Task goal: All lines in the records below from the line with "Отель Grauer Baer 4*" through the line with "THE NORTH FACE" are to be given again exactly, both ends included; the pictures are to be left out.

Information provided:
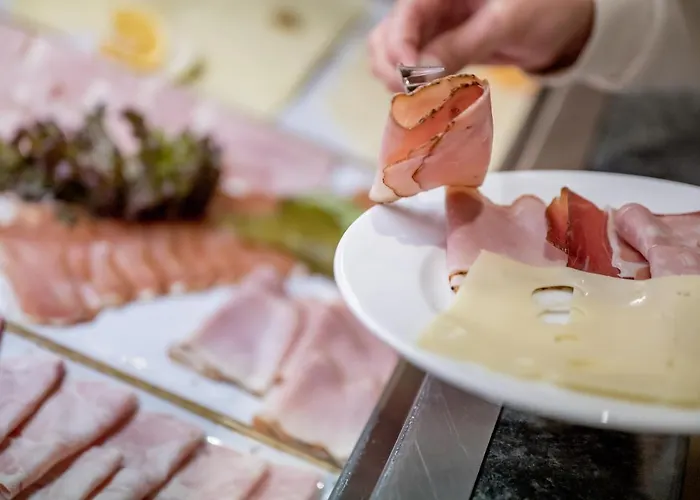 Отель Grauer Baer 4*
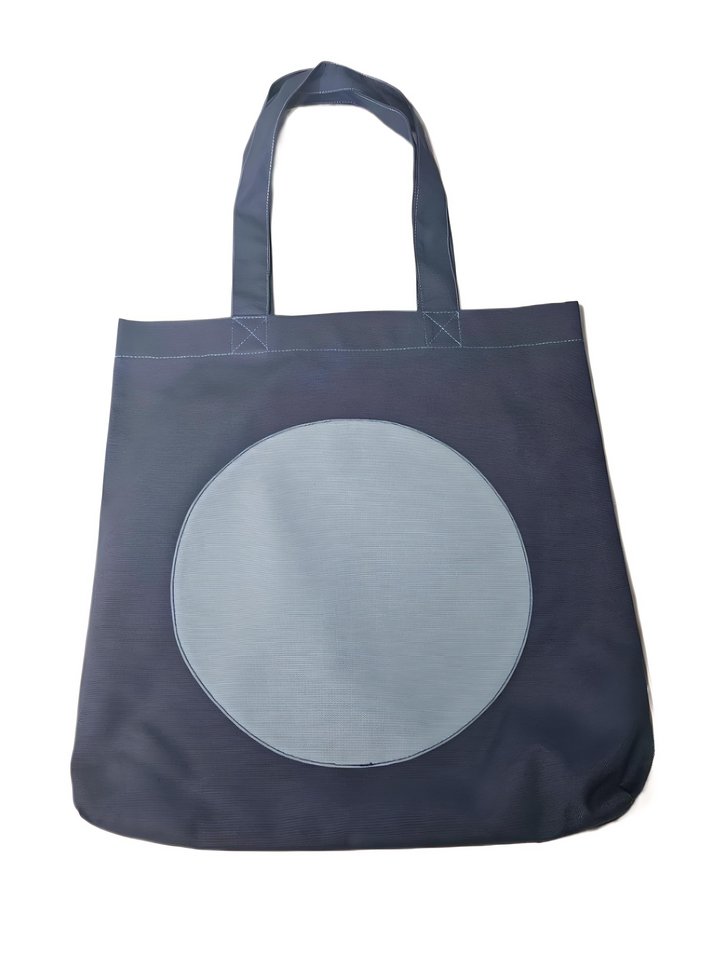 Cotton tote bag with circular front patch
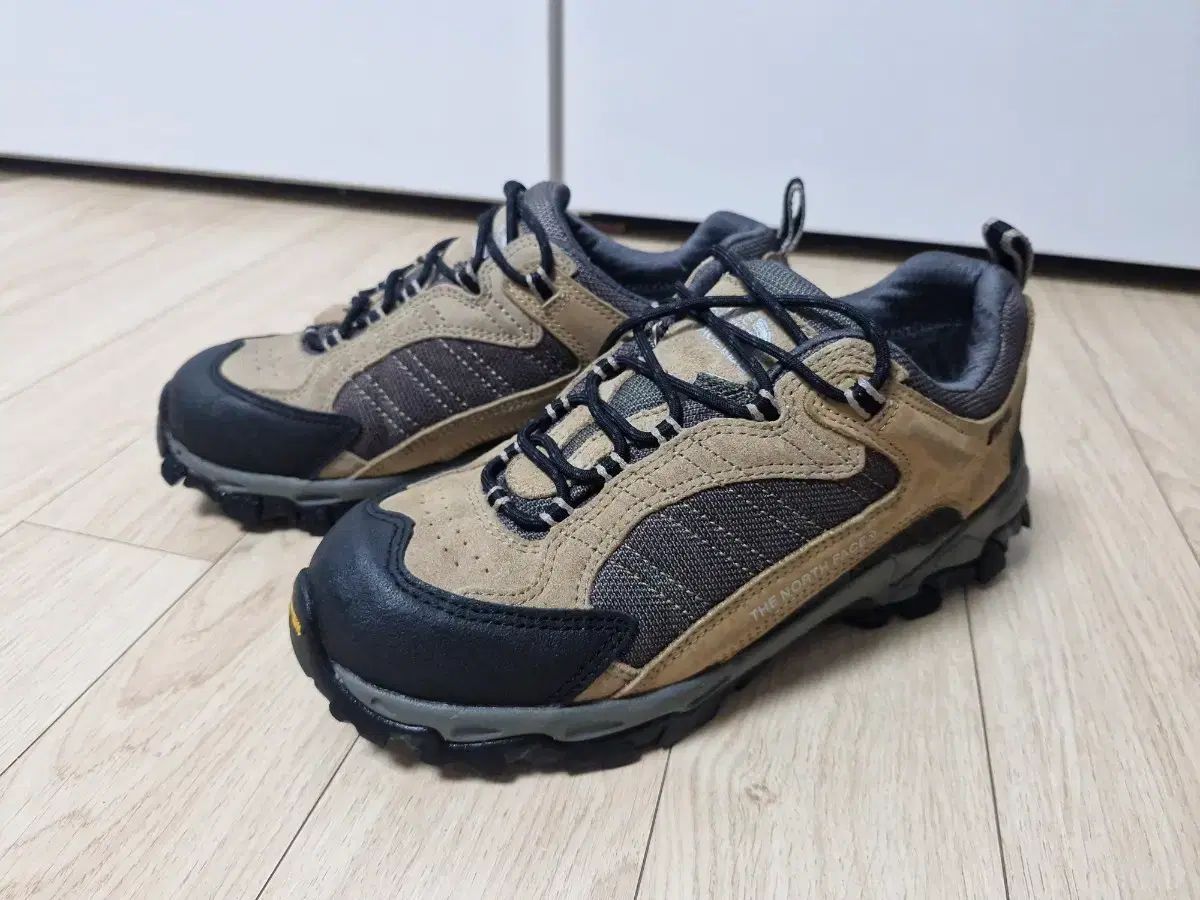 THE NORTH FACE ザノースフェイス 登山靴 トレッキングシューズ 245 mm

* * *

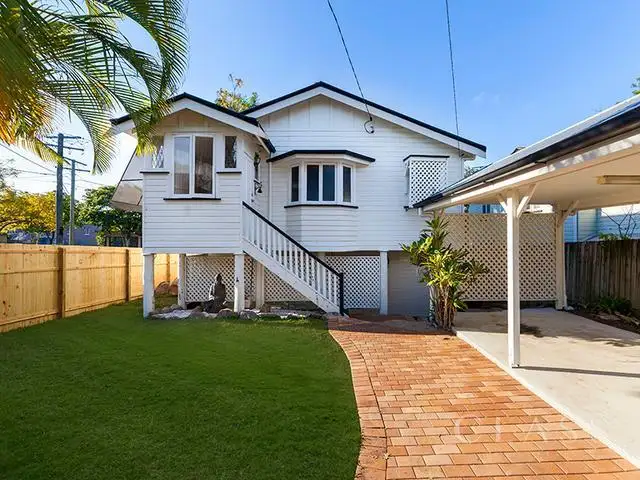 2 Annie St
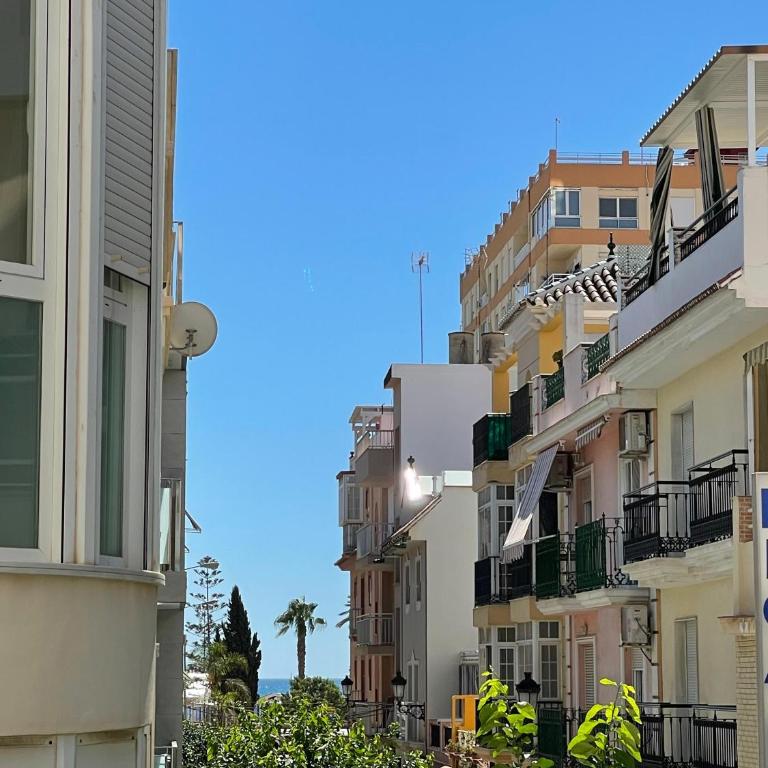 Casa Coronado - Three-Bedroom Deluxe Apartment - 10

Your response:
 Отель Grauer Baer 4*
 Cotton tote bag with circular front patch
 THE NORTH FACE ザノースフェイス 登山靴 トレッキングシューズ 245 mm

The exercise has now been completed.